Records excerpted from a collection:
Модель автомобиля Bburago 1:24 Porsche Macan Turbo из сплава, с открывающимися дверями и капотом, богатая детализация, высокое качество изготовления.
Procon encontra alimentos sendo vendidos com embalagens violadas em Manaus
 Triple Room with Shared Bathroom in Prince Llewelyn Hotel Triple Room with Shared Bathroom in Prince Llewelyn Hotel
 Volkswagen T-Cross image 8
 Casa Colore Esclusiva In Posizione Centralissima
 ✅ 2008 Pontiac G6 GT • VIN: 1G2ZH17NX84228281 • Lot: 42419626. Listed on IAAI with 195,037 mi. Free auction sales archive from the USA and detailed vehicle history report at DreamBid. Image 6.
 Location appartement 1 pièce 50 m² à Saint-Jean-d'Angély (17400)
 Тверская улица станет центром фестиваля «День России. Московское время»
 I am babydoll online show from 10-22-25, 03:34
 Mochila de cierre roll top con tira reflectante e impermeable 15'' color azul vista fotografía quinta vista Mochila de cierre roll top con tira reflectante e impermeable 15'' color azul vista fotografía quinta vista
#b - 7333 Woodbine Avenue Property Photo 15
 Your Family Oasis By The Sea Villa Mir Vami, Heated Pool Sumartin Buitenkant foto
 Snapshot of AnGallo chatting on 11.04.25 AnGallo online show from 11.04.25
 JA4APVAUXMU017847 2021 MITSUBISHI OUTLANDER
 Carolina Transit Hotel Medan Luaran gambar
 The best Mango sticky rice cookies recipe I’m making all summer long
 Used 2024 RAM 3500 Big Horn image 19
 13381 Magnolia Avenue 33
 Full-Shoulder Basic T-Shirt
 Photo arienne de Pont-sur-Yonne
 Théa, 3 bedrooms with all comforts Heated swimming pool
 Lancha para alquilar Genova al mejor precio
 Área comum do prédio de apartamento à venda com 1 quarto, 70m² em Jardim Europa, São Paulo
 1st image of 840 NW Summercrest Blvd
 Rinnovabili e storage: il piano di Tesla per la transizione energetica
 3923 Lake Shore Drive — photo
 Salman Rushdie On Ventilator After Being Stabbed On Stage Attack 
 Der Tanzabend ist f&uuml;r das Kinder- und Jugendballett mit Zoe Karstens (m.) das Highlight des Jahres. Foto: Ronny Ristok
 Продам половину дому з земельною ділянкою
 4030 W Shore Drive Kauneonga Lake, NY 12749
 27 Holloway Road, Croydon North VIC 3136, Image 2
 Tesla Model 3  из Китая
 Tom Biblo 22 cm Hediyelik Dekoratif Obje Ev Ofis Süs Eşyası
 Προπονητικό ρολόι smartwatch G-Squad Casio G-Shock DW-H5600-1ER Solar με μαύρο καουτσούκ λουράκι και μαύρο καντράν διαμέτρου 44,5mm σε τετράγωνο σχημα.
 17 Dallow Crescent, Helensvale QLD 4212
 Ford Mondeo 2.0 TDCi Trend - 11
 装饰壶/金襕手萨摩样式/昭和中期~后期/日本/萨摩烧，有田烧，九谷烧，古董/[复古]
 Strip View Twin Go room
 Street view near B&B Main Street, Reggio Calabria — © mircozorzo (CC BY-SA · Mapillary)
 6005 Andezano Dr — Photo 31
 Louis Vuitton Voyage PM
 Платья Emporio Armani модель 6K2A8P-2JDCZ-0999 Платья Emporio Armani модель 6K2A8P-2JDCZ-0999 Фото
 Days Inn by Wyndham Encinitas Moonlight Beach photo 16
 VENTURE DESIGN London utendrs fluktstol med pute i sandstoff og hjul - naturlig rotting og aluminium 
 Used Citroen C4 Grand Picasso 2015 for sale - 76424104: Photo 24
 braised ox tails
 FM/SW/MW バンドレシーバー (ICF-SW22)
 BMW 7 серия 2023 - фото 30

How to complete this task: Please reproduce, exactly as they appear above, the lines from the line containing "27 Holloway Road, Croydon" up to and including the line containing "Tom Biblo 22".

Expected answer:
 27 Holloway Road, Croydon North VIC 3136, Image 2
 Tesla Model 3  из Китая
 Tom Biblo 22 cm Hediyelik Dekoratif Obje Ev Ofis Süs Eşyası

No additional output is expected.